Common Migration Patterns

Pattern 1: Chained Operations

Pandas:

result = (df
    .assign(new_col=lambda x: x["old_col"] * 2)
    .query("new_col > 10")
    .groupby("category")
    .agg({"value": "sum"})
    .reset_index()
)

Polars:

result = (df
    .with_columns(new_col=pl.col("old_col") * 2)
    .filter(pl.col("new_col") > 10)
    .group_by("category")
    .agg(pl.col("value").sum())
)
# No reset_index needed - Polars doesn't have index

Pattern 2: Apply Functions

Pandas:

# Avoid in Polars - breaks parallelization
df["result"] = df["value"].apply(lambda x: x * 2)

Polars:

# Use expressions instead
df = df.with_columns(result=pl.col("value") * 2)

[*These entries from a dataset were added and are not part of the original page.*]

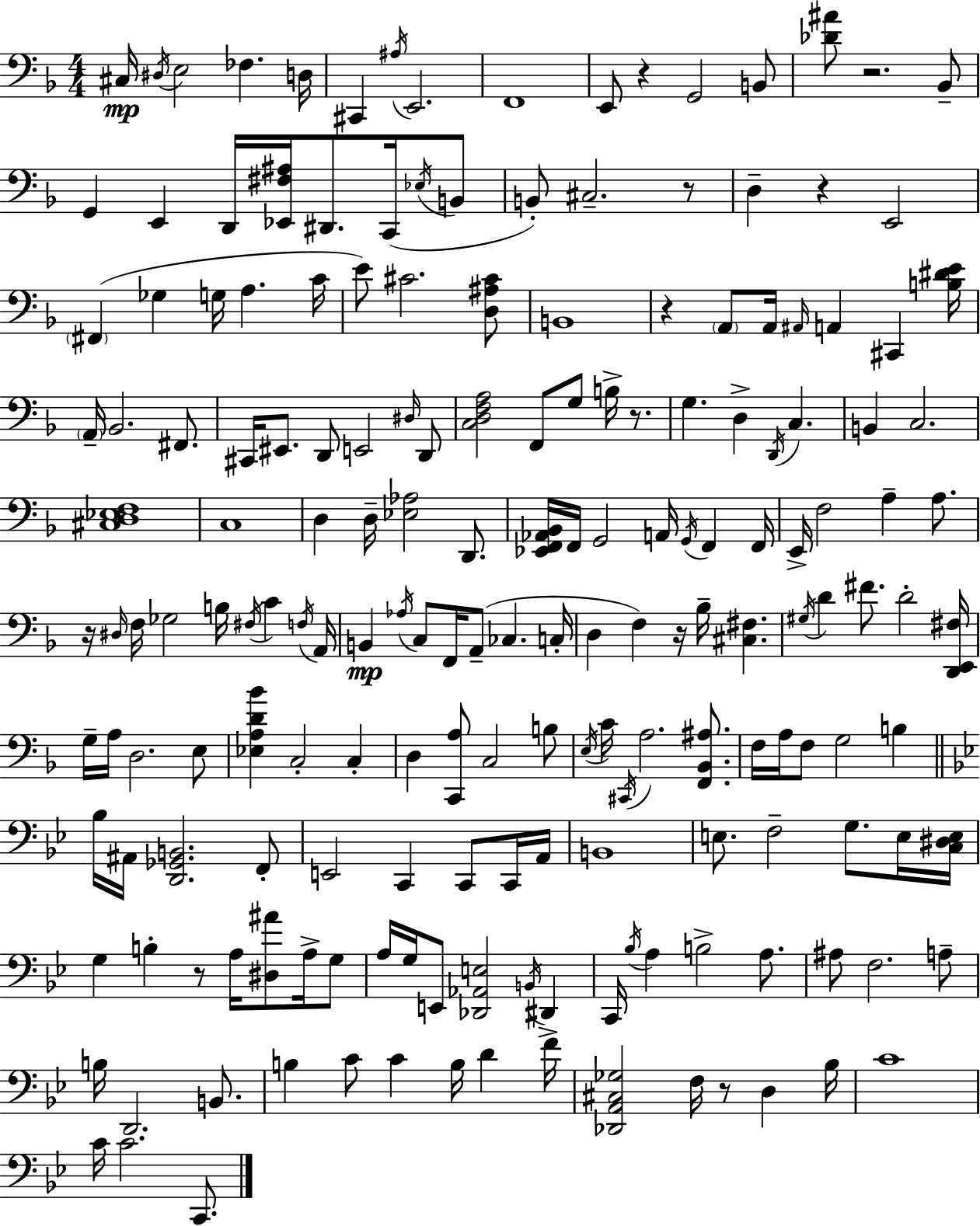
{
  \clef bass
  \numericTimeSignature
  \time 4/4
  \key f \major
  \repeat volta 2 { cis16\mp \acciaccatura { dis16 } e2 fes4. | d16 cis,4 \acciaccatura { ais16 } e,2. | f,1 | e,8 r4 g,2 | \break b,8 <des' ais'>8 r2. | bes,8-- g,4 e,4 d,16 <ees, fis ais>16 dis,8. c,16( | \acciaccatura { ees16 } b,8 b,8-.) cis2.-- | r8 d4-- r4 e,2 | \break \parenthesize fis,4( ges4 g16 a4. | c'16 e'8) cis'2. | <d ais cis'>8 b,1 | r4 \parenthesize a,8 a,16 \grace { ais,16 } a,4 cis,4 | \break <b dis' e'>16 \parenthesize a,16-- bes,2. | fis,8. cis,16 eis,8. d,8 e,2 | \grace { dis16 } d,8 <c d f a>2 f,8 g8 | b16-> r8. g4. d4-> \acciaccatura { d,16 } | \break c4. b,4 c2. | <cis d ees f>1 | c1 | d4 d16-- <ees aes>2 | \break d,8. <ees, f, aes, bes,>16 f,16 g,2 | a,16 \acciaccatura { g,16 } f,4 f,16 e,16-> f2 | a4-- a8. r16 \grace { dis16 } f16 ges2 | b16 \acciaccatura { fis16 } c'4 \acciaccatura { f16 } a,16 b,4\mp \acciaccatura { aes16 } c8 | \break f,16 a,8--( ces4. c16-. d4 f4) | r16 bes16-- <cis fis>4. \acciaccatura { gis16 } d'4 | fis'8. d'2-. <d, e, fis>16 g16-- a16 d2. | e8 <ees a d' bes'>4 | \break c2-. c4-. d4 | <c, a>8 c2 b8 \acciaccatura { e16 } c'16 \acciaccatura { cis,16 } a2. | <f, bes, ais>8. f16 a16 | f8 g2 b4 \bar "||" \break \key bes \major bes16 ais,16 <d, ges, b,>2. f,8-. | e,2 c,4 c,8 c,16 a,16 | b,1 | e8. f2-- g8. e16 <c dis e>16 | \break g4 b4-. r8 a16 <dis ais'>8 a16-> g8 | a16 g16 e,8 <des, aes, e>2 \acciaccatura { b,16 } dis,4-> | c,16 \acciaccatura { bes16 } a4 b2-> a8. | ais8 f2. | \break a8-- b16 d,2. b,8. | b4 c'8 c'4 b16 d'4 | f'16 <des, a, cis ges>2 f16 r8 d4 | bes16 c'1 | \break c'16 c'2. c,8. | } \bar "|."
}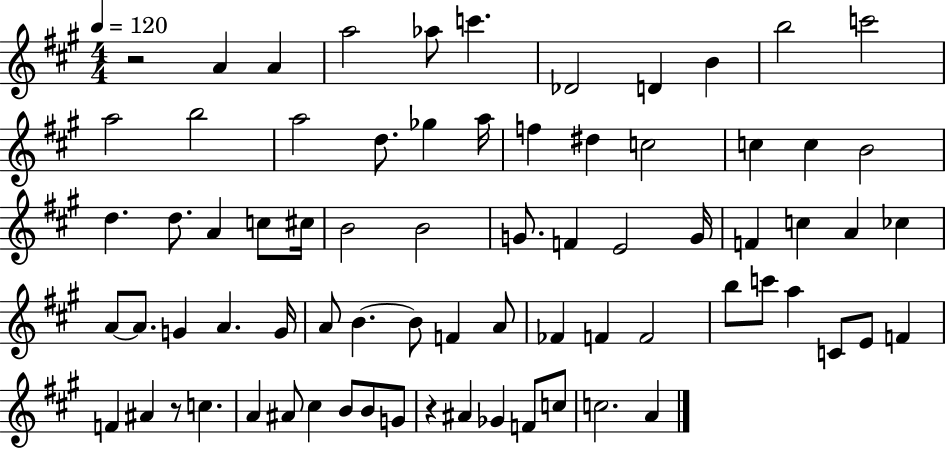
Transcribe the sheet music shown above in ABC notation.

X:1
T:Untitled
M:4/4
L:1/4
K:A
z2 A A a2 _a/2 c' _D2 D B b2 c'2 a2 b2 a2 d/2 _g a/4 f ^d c2 c c B2 d d/2 A c/2 ^c/4 B2 B2 G/2 F E2 G/4 F c A _c A/2 A/2 G A G/4 A/2 B B/2 F A/2 _F F F2 b/2 c'/2 a C/2 E/2 F F ^A z/2 c A ^A/2 ^c B/2 B/2 G/2 z ^A _G F/2 c/2 c2 A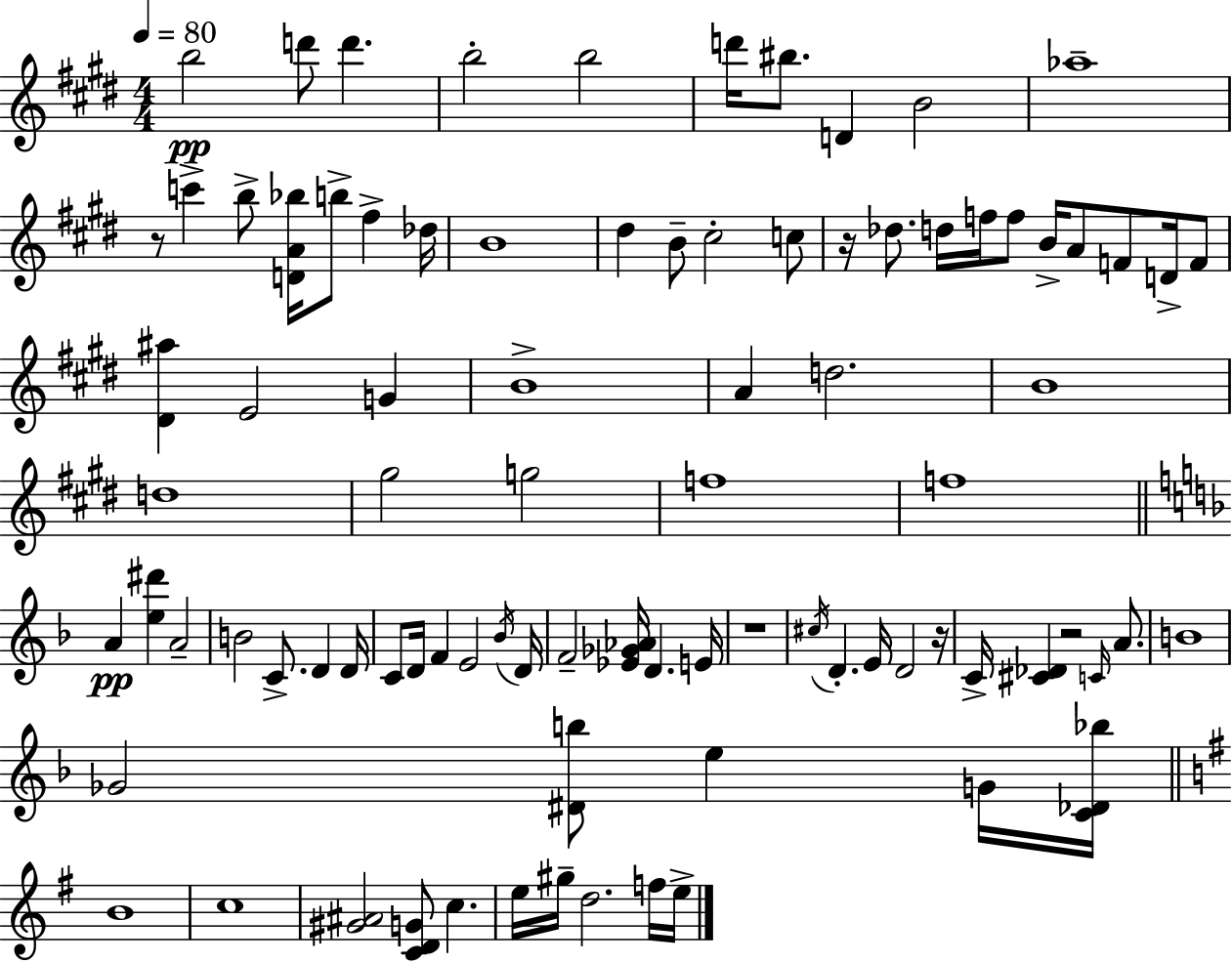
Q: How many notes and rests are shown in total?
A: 88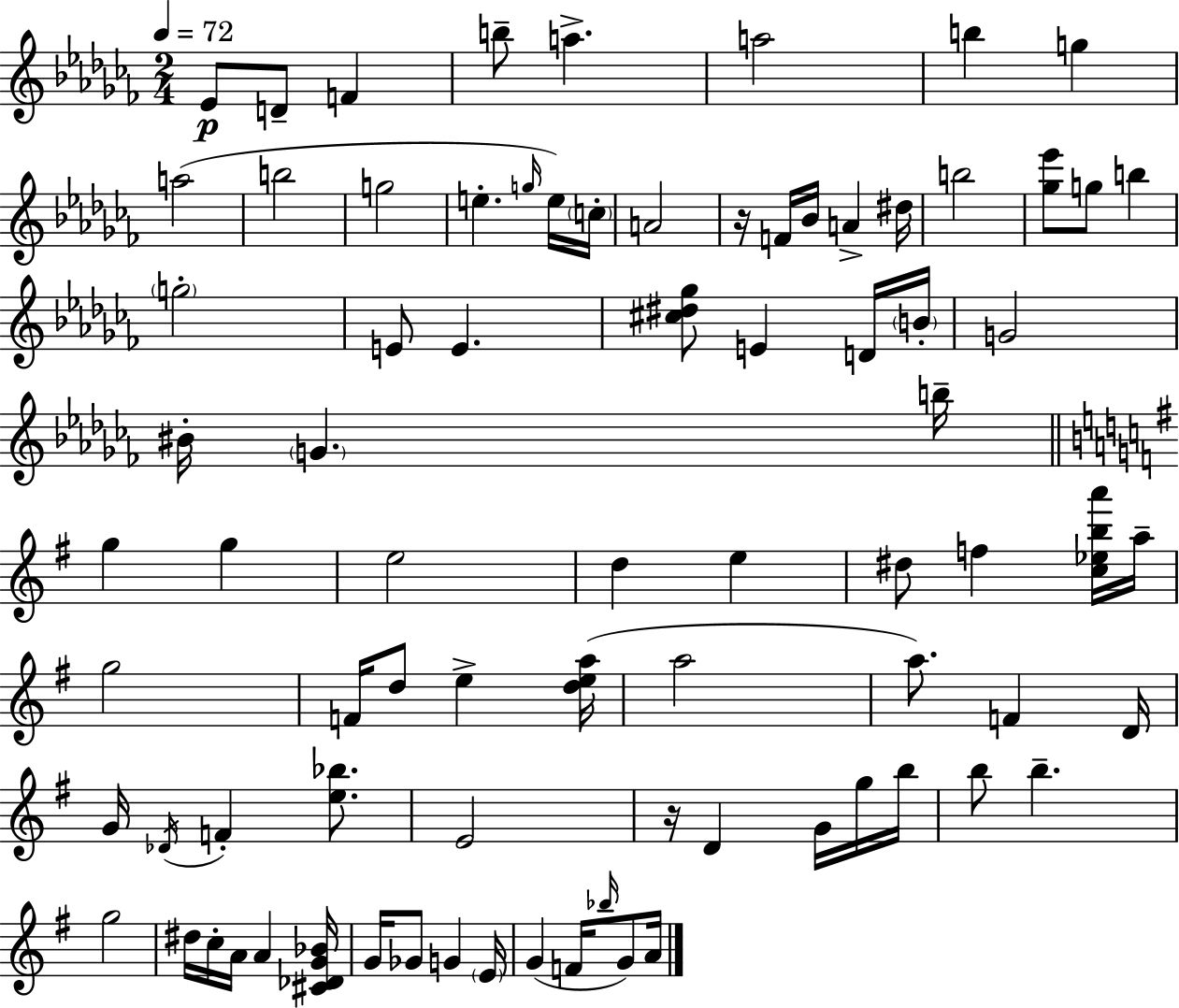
Eb4/e D4/e F4/q B5/e A5/q. A5/h B5/q G5/q A5/h B5/h G5/h E5/q. G5/s E5/s C5/s A4/h R/s F4/s Bb4/s A4/q D#5/s B5/h [Gb5,Eb6]/e G5/e B5/q G5/h E4/e E4/q. [C#5,D#5,Gb5]/e E4/q D4/s B4/s G4/h BIS4/s G4/q. B5/s G5/q G5/q E5/h D5/q E5/q D#5/e F5/q [C5,Eb5,B5,A6]/s A5/s G5/h F4/s D5/e E5/q [D5,E5,A5]/s A5/h A5/e. F4/q D4/s G4/s Db4/s F4/q [E5,Bb5]/e. E4/h R/s D4/q G4/s G5/s B5/s B5/e B5/q. G5/h D#5/s C5/s A4/s A4/q [C#4,Db4,G4,Bb4]/s G4/s Gb4/e G4/q E4/s G4/q F4/s Bb5/s G4/e A4/s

# If custom function needed
df = df.with_columns(
    result=pl.col("value").map_elements(lambda x: x * 2, return_dtype=pl.Float64)
)

Pattern 3: Conditional Column Creation

Pandas:

df["category"] = np.where(
    df["value"] > 100,
    "high",
    np.where(df["value"] > 50, "medium", "low")
)

Polars:

df = df.with_columns(
    category=pl.when(pl.col("value") > 100)
        .then("high")
        .when(pl.col("value") > 50)
        .then("medium")
        .otherwise("low")
)

Pattern 4: Group Transform

Pandas:

df["group_mean"] = df.groupby("category")["value"].transform("mean")

Polars:

df = df.with_columns(
    group_mean=pl.col("value").mean().over("category")
)

Pattern 5: Multiple Aggregations

Pandas:

result = df.groupby("category").agg({
    "value": ["mean", "sum", "count"],
    "price": ["min", "max"]
})

Polars:

result = df.group_by("category").agg(
    pl.col("value").mean().alias("value_mean"),
    pl.col("value").sum().alias("value_sum"),
    pl.col("value").count().alias("value_count"),
    pl.col("price").min().alias("price_min"),
    pl.col("price").max().alias("price_max")
)

Performance Anti-Patterns to Avoid

Anti-Pattern 1: Sequential Pipe Operations

Bad (disables parallelization):

df = df.pipe(function1).pipe(function2).pipe(function3)

Good (enables parallelization):

df = df.with_columns(
    function1_result(),
    function2_result(),
    function3_result()
)

Anti-Pattern 2: Python Functions in Hot Paths

Bad:

df = df.with_columns(
    result=pl.col("value").map_elements(lambda x: x * 2)
)

Good:

df = df.with_columns(result=pl.col("value") * 2)

Anti-Pattern 3: Using Eager Reading for Large Files

Bad:

df = pl.read_csv("large_file.csv")
result = df.filter(pl.col("age") > 25).select("name", "age")

Good:

lf = pl.scan_csv("large_file.csv")
result = lf.filter(pl.col("age") > 25).select("name", "age").collect()

Anti-Pattern 4: Row Iteration

Bad:

for row in df.iter_rows():
    # Process row
    pass

Good:

# Use vectorized operations
df = df.with_columns(
    # Vectorized computation
)

Migration Checklist

When migrating from pandas to Polars:

  1. Remove index operations - Use integer positions or group_by
  2. Replace apply/map with expressions - Use Polars native operations
  3. Update column assignment - Use with_columns() instead of direct assignment
  4. Change groupby.transform to .over() - Window functions work differently
  5. Update string operations - Use .str.to_uppercase() instead of .str.upper()
  6. Add explicit type casts - Polars won't silently convert types
  7. Consider lazy evaluation - Use scan_* instead of read_* for large data
  8. Update aggregation syntax - More explicit in Polars
  9. Remove reset_index calls - Not needed in Polars
  10. Update conditional logic - Use when().then().otherwise() pattern

Compatibility Layer

For gradual migration, you can use both libraries:

import pandas as pd
import polars as pl

# Convert pandas to Polars
pl_df = pl.from_pandas(pd_df)

# Convert Polars to pandas
pd_df = pl_df.to_pandas()

# Use Arrow for zero-copy (when possible)
pl_df = pl.from_arrow(pd_df)
pd_df = pl_df.to_arrow().to_pandas()

When to Stick with Pandas

Consider staying with pandas when:

  • Working with time series requiring complex index operations
  • Need extensive ecosystem support (some libraries only support pandas)
  • Team lacks Rust/Polars expertise
  • Data is small and performance isn't critical
  • Using advanced pandas features without Polars equivalents

When to Switch to Polars

Switch to Polars when:

  • Performance is critical
  • Working with large datasets (>1GB)
  • Need lazy evaluation and query optimization
  • Want better type safety
  • Need parallel execution by default
  • Starting a new project